╭─ SOURCE MATERIAL
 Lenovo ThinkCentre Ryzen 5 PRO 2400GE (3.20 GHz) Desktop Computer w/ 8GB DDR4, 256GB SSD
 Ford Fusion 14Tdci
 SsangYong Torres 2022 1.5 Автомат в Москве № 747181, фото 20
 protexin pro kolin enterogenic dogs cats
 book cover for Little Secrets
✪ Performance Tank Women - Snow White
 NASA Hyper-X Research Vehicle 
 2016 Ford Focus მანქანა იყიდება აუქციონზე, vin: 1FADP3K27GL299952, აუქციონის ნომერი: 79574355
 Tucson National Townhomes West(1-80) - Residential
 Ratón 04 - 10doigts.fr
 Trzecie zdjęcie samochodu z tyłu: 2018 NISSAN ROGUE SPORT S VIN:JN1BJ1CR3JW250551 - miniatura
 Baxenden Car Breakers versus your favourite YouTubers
╰─
╭─ SOURCE MATERIAL
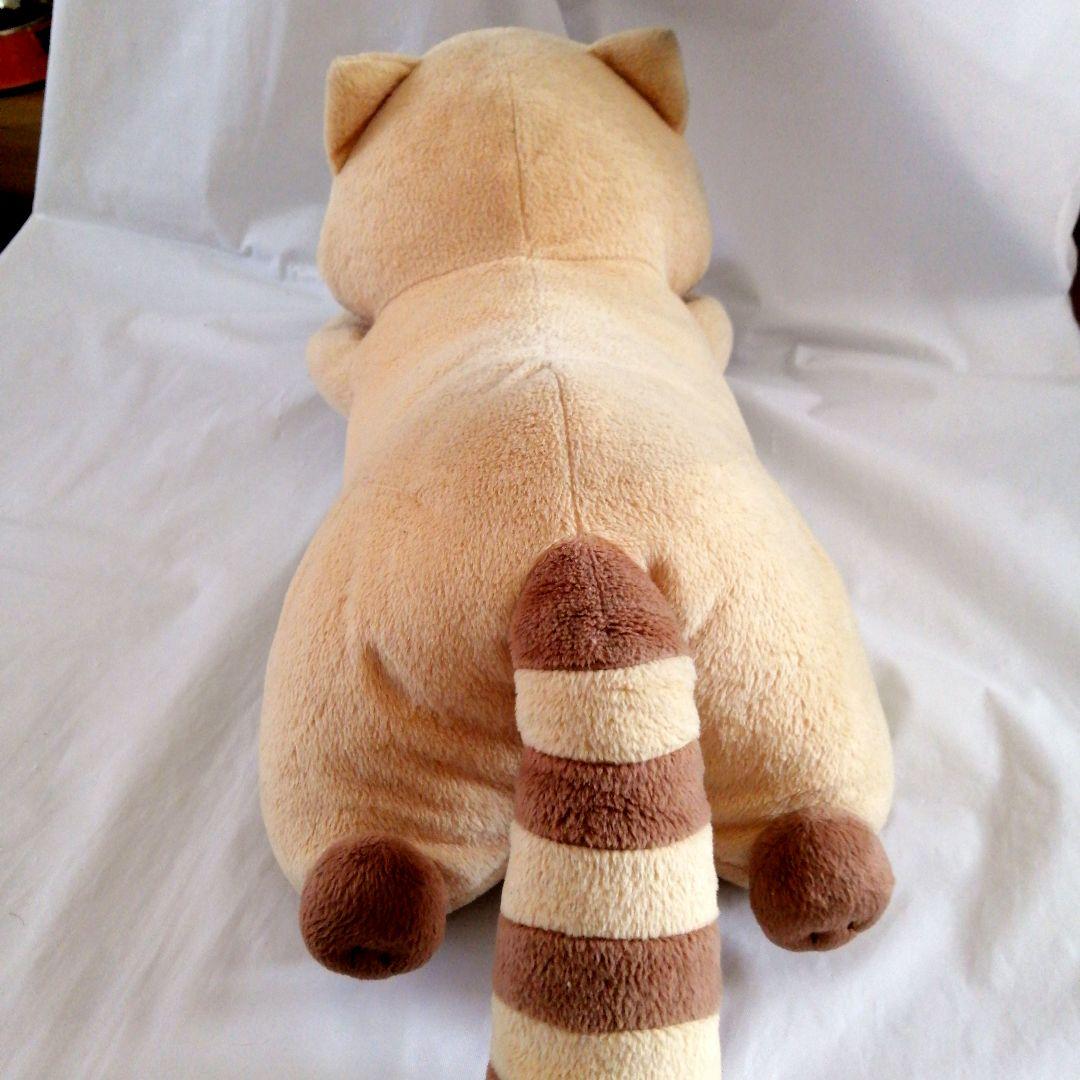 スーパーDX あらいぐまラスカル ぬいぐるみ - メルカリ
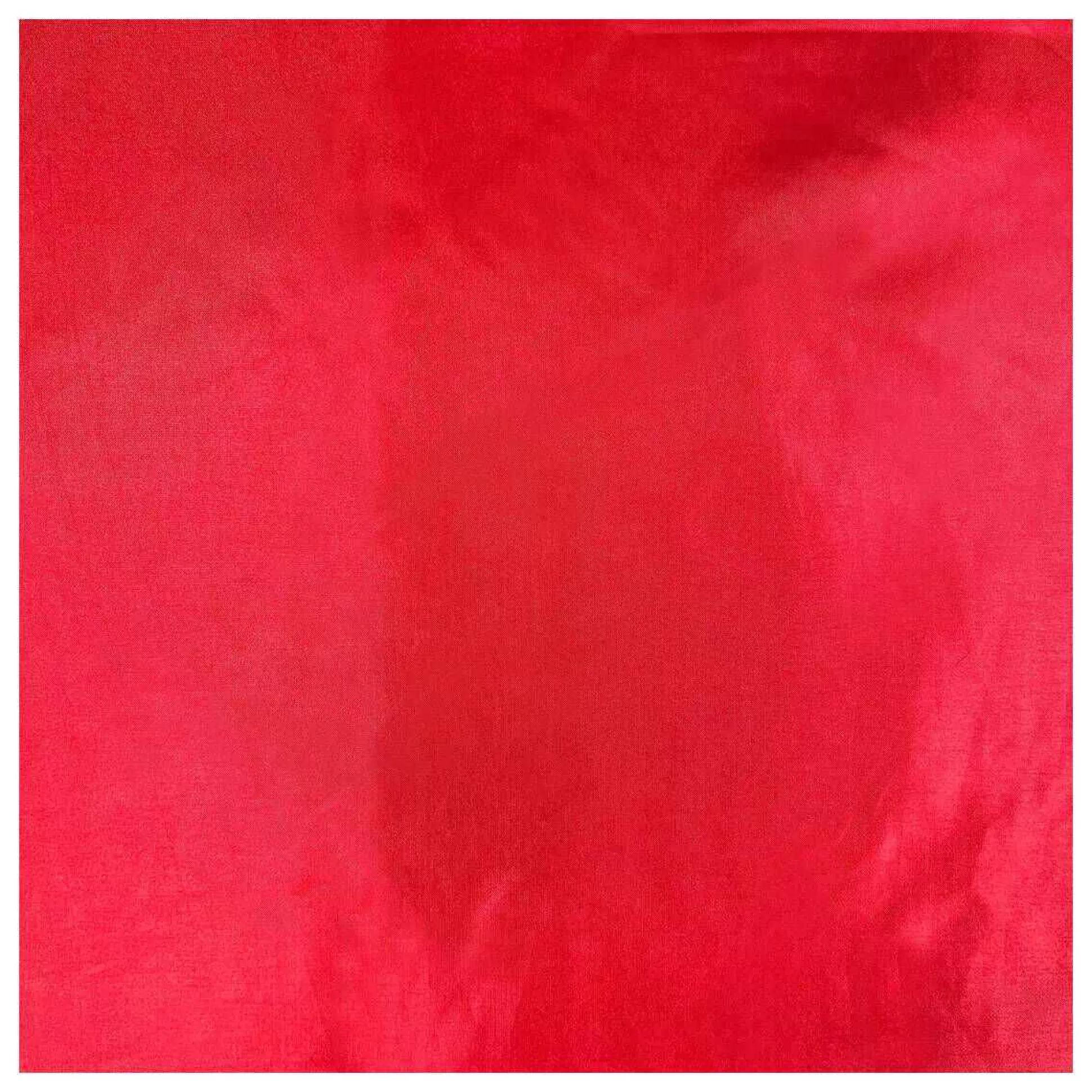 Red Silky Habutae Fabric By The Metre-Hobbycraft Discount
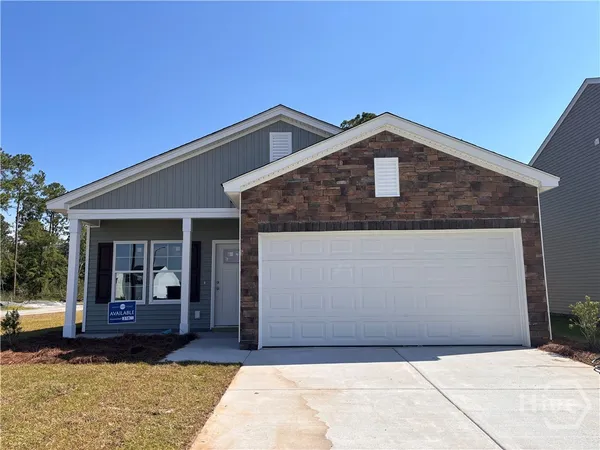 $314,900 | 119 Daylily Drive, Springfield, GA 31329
╰─
╭─ SOURCE MATERIAL
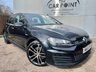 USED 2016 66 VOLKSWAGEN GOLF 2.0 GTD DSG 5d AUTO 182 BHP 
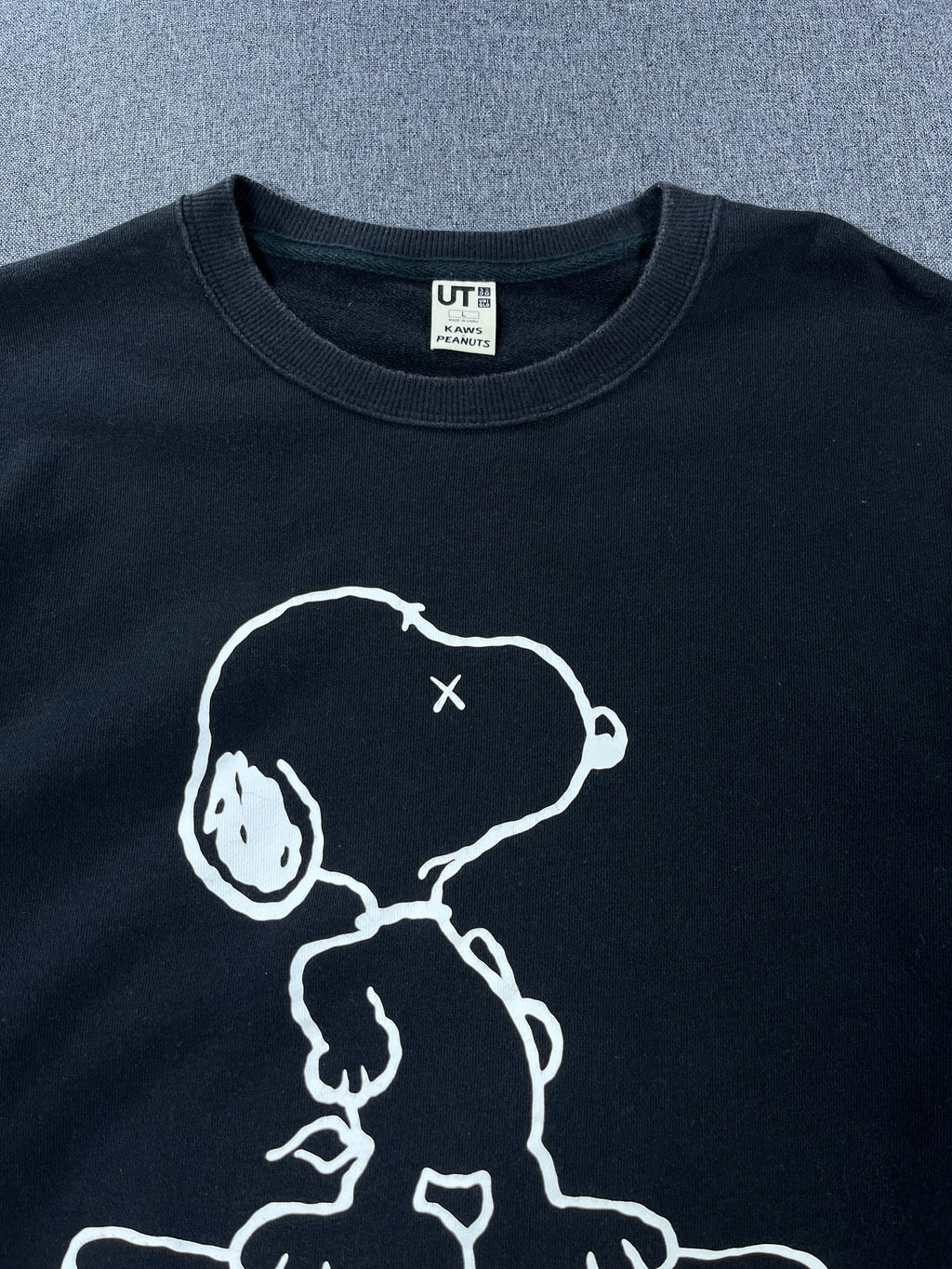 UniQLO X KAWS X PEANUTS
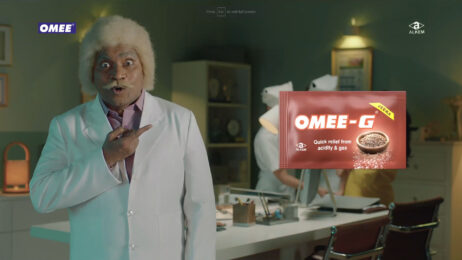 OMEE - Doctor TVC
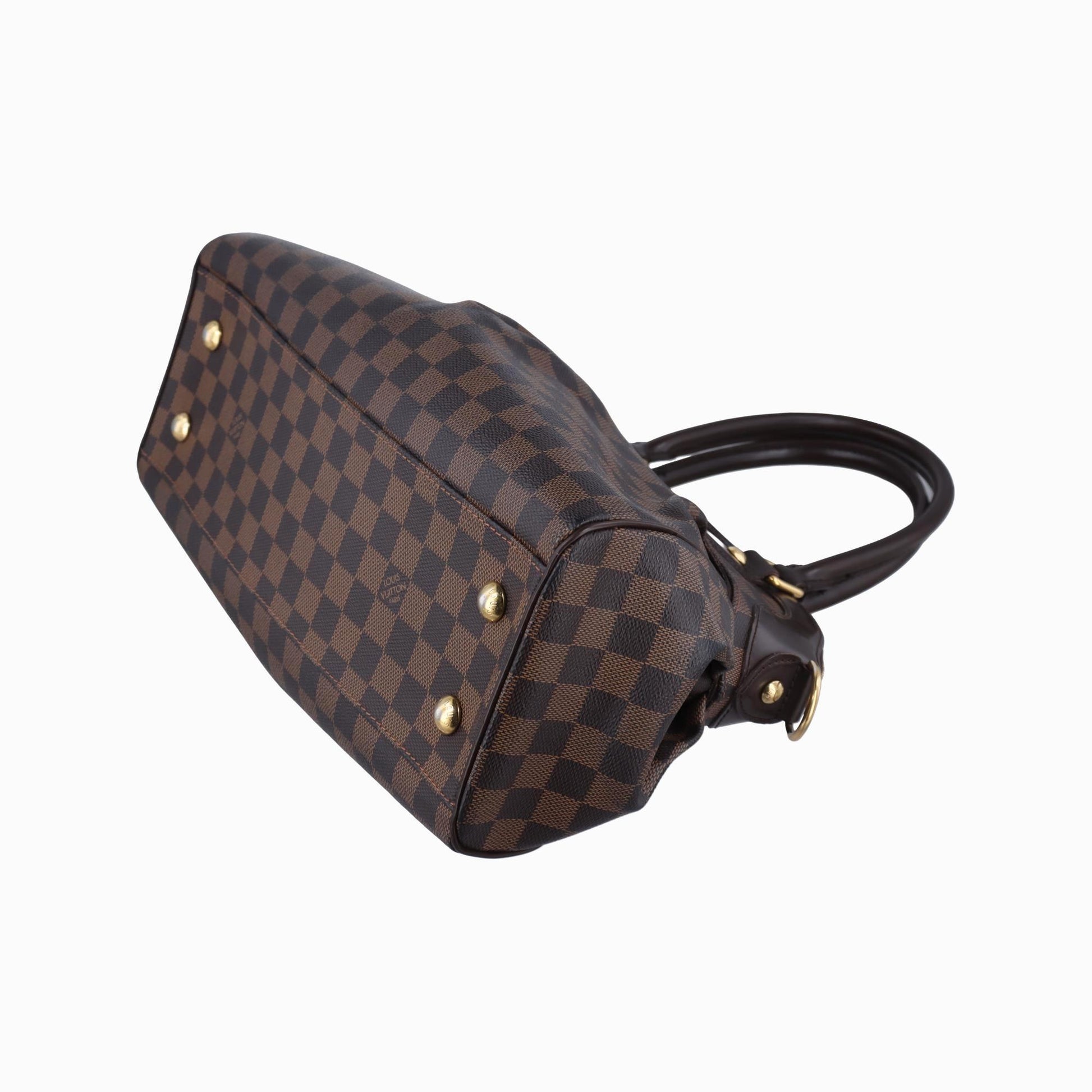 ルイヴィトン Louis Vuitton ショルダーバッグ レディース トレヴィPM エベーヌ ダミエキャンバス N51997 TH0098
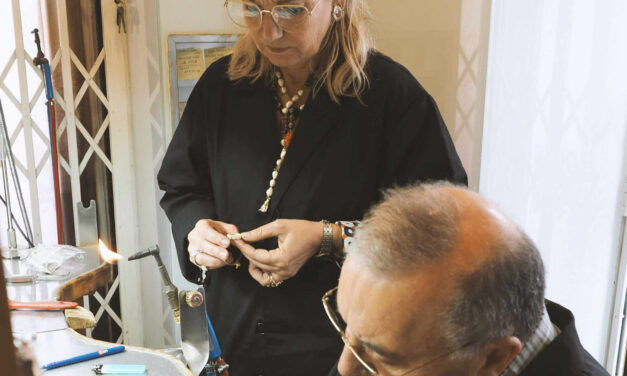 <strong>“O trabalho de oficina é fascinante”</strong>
╰─
**TASK REQUIREMENTS:** Take every line from the listing above that includes the word "Ford" and copy it.

**RESULT OF THE TASK:**
 Ford Fusion 14Tdci
 2016 Ford Focus მანქანა იყიდება აუქციონზე, vin: 1FADP3K27GL299952, აუქციონის ნომერი: 79574355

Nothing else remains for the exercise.